A memorial and fundraiser for Ria Pell is set for Friday, Dec. 13, at the Variety Playhouse and is promising a night of live music, DJs, performance art and, of course, food.
Remembering Ria — A Tribute to Ria Pell is promising to be a “Ria Riot” on Friday and will include live performances by The Rent Boys, Tweezer, The Caminos and Slim Chance & the Convicts. DJs on hand include gay favorites DJ Vicki Powell, DJ Bendito and DJ Ree DE La Vega. Performance art will take place in the streets and food will be provided by El Myr and others of Pell’s favorite places. Tickets are $20 with and everything gets kicked off at 7 p.m.
The news of Ria Pell’s death spread like wildfire via Facebook on the evening of Nov. 24. The chef and owner of Ria’s Bluebird in Grant Park had died that afternoon of an undiscovered enlarged heart while cooking at home, according to friends and family.
A loving tribute and family obituary in the Atlanta Journal-Constitution described Pell, 45, as the city’s “gay mayor.” The AJC obituary also stated, “though neither technically L, G, B or T, Ria’s queer butch love created space all around the country for people to be their true selves.”

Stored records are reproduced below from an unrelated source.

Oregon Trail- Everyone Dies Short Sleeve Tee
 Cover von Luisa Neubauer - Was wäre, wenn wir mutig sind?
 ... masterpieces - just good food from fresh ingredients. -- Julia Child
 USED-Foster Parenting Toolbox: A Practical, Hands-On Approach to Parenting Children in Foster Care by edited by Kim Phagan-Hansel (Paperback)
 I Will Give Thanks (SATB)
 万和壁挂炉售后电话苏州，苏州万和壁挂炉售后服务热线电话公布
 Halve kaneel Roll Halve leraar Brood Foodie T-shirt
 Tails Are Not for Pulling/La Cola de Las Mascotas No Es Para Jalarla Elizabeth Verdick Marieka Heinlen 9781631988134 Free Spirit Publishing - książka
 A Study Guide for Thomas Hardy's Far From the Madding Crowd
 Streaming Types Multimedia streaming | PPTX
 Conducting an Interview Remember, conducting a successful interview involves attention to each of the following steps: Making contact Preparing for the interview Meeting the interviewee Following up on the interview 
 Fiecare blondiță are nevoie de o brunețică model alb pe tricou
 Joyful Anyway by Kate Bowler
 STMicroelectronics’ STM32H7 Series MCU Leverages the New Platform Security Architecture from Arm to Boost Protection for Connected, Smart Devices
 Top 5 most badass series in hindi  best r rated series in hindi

Her family includes her wife, Kiki Carr, and her partner, Karen Portaleo.
Ben Cheeves, a co-owner of gay bar Mary’s in East Atlanta, came to know Pell around 2005.
“We both kind of came up in the punk scene,” he said. “We were going to shows in Little Five Points and East Atlanta. We were like punk rock kids and became queer later. We bonded through music and queer politics.”
Pell started working in the restaurant business and worked for such renowned chefs as Anne Quatrano at the Floataway Cafe, a highlight of her career she told GA Voice last year.
In 2000, she opened Ria’s Bluebird in an abandoned liquor store on Memorial Drive across the street from Oakland Cemetery. Her success then led to numerous other businesses opening in that part of Grant Park, revitalizing a once decrepit strip of the city.
In 2009, Pell tried her hand with a new restaurant, Sauced, on Edgewood Avenue. She sold the business in 2012 after winning $10,000 on the Food Network’s popular reality cooking show “Chopped,” saying at the time she planned to dedicate more time to Ria’s Bluebird.
Pell was voted Best Chef in 2011 and 2013 by the readers of GA Voice and Ria’s Bluebird won Best Breakfast in 2011.
She was also a founder of Mondo Homo in 2006 along with Carr, Cheeves and several others. Mondo Homo was an alternative queer art and music festival that celebrated the otherness of Atlanta and the South’s LGBTQ scenes and politics.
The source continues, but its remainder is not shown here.